- TASK TO CARRY OUT -
The entries below must be retyped in full. Keep every word the same.

- DATASET CONTENT -
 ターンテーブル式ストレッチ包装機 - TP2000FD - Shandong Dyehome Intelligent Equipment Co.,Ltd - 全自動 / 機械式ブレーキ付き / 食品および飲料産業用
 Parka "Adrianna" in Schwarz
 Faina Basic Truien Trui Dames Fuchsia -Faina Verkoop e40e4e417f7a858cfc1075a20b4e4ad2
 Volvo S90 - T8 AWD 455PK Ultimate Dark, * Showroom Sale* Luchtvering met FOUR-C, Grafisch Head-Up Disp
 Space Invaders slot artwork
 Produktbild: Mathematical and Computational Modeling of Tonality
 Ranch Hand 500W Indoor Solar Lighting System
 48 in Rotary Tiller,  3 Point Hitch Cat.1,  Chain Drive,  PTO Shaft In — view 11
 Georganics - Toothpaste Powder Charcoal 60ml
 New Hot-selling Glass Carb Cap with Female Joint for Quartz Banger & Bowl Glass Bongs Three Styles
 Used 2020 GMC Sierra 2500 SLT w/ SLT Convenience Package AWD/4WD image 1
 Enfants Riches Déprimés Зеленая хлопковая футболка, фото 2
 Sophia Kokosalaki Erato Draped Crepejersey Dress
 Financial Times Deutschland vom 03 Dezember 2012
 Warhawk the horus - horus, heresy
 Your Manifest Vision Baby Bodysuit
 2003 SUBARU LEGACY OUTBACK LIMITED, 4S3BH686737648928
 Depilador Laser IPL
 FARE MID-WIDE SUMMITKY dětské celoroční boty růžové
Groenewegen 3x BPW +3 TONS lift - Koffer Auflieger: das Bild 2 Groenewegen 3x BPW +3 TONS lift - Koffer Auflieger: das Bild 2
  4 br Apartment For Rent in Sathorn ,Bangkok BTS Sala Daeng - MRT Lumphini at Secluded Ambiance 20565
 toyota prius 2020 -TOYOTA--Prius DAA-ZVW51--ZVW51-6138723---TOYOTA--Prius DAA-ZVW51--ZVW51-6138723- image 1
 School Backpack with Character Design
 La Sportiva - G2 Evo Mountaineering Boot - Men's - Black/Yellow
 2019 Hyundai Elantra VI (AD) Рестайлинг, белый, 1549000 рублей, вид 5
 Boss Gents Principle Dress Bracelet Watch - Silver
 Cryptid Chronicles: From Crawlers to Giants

- EXERCISE SOLUTION -
 ターンテーブル式ストレッチ包装機 - TP2000FD - Shandong Dyehome Intelligent Equipment Co.,Ltd - 全自動 / 機械式ブレーキ付き / 食品および飲料産業用
 Parka "Adrianna" in Schwarz
 Faina Basic Truien Trui Dames Fuchsia -Faina Verkoop e40e4e417f7a858cfc1075a20b4e4ad2
 Volvo S90 - T8 AWD 455PK Ultimate Dark, * Showroom Sale* Luchtvering met FOUR-C, Grafisch Head-Up Disp
 Space Invaders slot artwork
 Produktbild: Mathematical and Computational Modeling of Tonality
 Ranch Hand 500W Indoor Solar Lighting System
 48 in Rotary Tiller,  3 Point Hitch Cat.1,  Chain Drive,  PTO Shaft In — view 11
 Georganics - Toothpaste Powder Charcoal 60ml
 New Hot-selling Glass Carb Cap with Female Joint for Quartz Banger & Bowl Glass Bongs Three Styles
 Used 2020 GMC Sierra 2500 SLT w/ SLT Convenience Package AWD/4WD image 1
 Enfants Riches Déprimés Зеленая хлопковая футболка, фото 2
 Sophia Kokosalaki Erato Draped Crepejersey Dress
 Financial Times Deutschland vom 03 Dezember 2012
 Warhawk the horus - horus, heresy
 Your Manifest Vision Baby Bodysuit
 2003 SUBARU LEGACY OUTBACK LIMITED, 4S3BH686737648928
 Depilador Laser IPL
 FARE MID-WIDE SUMMITKY dětské celoroční boty růžové
Groenewegen 3x BPW +3 TONS lift - Koffer Auflieger: das Bild 2 Groenewegen 3x BPW +3 TONS lift - Koffer Auflieger: das Bild 2
  4 br Apartment For Rent in Sathorn ,Bangkok BTS Sala Daeng - MRT Lumphini at Secluded Ambiance 20565
 toyota prius 2020 -TOYOTA--Prius DAA-ZVW51--ZVW51-6138723---TOYOTA--Prius DAA-ZVW51--ZVW51-6138723- image 1
 School Backpack with Character Design
 La Sportiva - G2 Evo Mountaineering Boot - Men's - Black/Yellow
 2019 Hyundai Elantra VI (AD) Рестайлинг, белый, 1549000 рублей, вид 5
 Boss Gents Principle Dress Bracelet Watch - Silver
 Cryptid Chronicles: From Crawlers to Giants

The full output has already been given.